The Red Monk
By Phil Baarda
The Red Monk, he came out the west, originally from over the Irish sea in the 7th century, and then he journeyed out of the settlement he'd founded at the place called Abercrossan, 'the mouth of the river Crossan,' and began to spread his word across Scotland. Loch Maree, Amulree, Kilmolruy, Killarrow place-names familiar to us now in Highland, Moray, Perthshire, all come from the Red Monk, St Maolrubha.
Here, too, he stopped, where the high land meets the low, where the salmon-heavy Black Water and Conon rivers meet. Here, at the once-vast swampy floodplain of trees and scrub and back channels, still known as Coille Uisge, the wet woodland, is Contin 'Cunndain', the confluence of the waters, where today's A835 Ullapool road meets the branch off to Strathpeffer.
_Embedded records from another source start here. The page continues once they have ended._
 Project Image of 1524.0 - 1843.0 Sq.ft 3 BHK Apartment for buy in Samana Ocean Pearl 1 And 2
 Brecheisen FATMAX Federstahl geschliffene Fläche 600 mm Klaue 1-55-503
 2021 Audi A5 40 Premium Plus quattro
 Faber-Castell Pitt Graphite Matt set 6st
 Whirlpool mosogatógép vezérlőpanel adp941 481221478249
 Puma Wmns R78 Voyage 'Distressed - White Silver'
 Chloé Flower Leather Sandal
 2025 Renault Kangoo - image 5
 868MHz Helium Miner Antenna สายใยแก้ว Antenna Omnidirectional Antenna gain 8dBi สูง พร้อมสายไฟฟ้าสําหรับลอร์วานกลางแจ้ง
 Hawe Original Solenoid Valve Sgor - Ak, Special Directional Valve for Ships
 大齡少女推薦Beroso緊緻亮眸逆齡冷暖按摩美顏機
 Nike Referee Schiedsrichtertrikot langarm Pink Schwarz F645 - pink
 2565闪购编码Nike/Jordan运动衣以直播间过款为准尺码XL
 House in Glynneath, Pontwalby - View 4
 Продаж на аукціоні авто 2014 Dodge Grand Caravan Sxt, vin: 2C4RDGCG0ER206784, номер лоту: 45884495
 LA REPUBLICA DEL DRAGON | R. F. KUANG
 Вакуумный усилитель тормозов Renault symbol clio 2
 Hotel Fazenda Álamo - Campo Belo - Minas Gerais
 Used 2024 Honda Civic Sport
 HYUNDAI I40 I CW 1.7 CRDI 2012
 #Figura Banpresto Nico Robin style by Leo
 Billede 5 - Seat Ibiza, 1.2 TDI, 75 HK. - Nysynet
On a low flat island in this marshy swamp land, with hills rising around, he founded another monastic settlement. Or so we're told, because now all that's here on this island now is rough grazing and woodland, and the occasional lingering morning mist in the almost otherworldly silence. There's a modest, some say ugly, Victorian church squatting within a small, oddly-shaped, off-oval churchyard, overlooked by the ancient chambered cairn burial ground of Praes Mairi 'Maolrubha's thicket'.
And the old words, they're what remain, the names in the landscape, still telling us across the centuries of the Red Monk and his world.